## PROBLEM TO SOLVE
Pictures within the data are to be left out; everything else must be reproduced exactly.

## AVAILABLE DATA

──────────

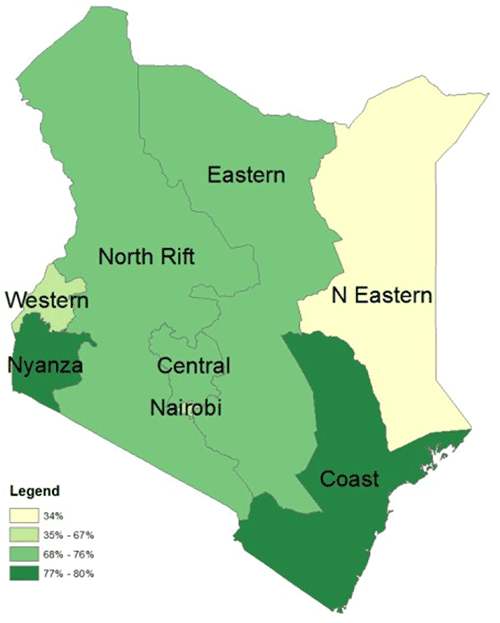 Figure 2. Percentage of Women Who Had at Least One ANC Visit and Received at Least One IFA Tablet by Province, Kenya, 2008/09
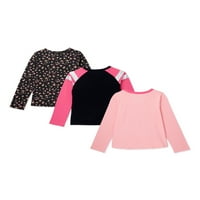 Rózsaszín bársony lányok hosszú ujjú grafikus, nyomtatott és raglan pólók, 3-csomag, méret 4-16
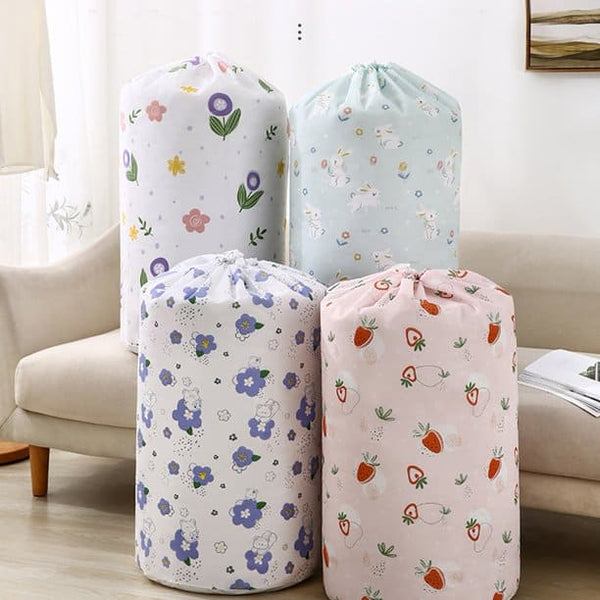 Drawstring Buggy Bag, Large Capacity Quilt Sorting Bag, Clothes Luggage Moving Cylinder Bag, Closet Closing Organizer Bag, Foldable Wardrobe Organizer, Dustproof Thickened Clothing Storage Bag, Vertical Blanket Storage Bag, Bedding Storage Pouches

──────────

## TASK SOLUTION
 Figure 2. Percentage of Women Who Had at Least One ANC Visit and Received at Least One IFA Tablet by Province, Kenya, 2008/09
 Rózsaszín bársony lányok hosszú ujjú grafikus, nyomtatott és raglan pólók, 3-csomag, méret 4-16
 Drawstring Buggy Bag, Large Capacity Quilt Sorting Bag, Clothes Luggage Moving Cylinder Bag, Closet Closing Organizer Bag, Foldable Wardrobe Organizer, Dustproof Thickened Clothing Storage Bag, Vertical Blanket Storage Bag, Bedding Storage Pouches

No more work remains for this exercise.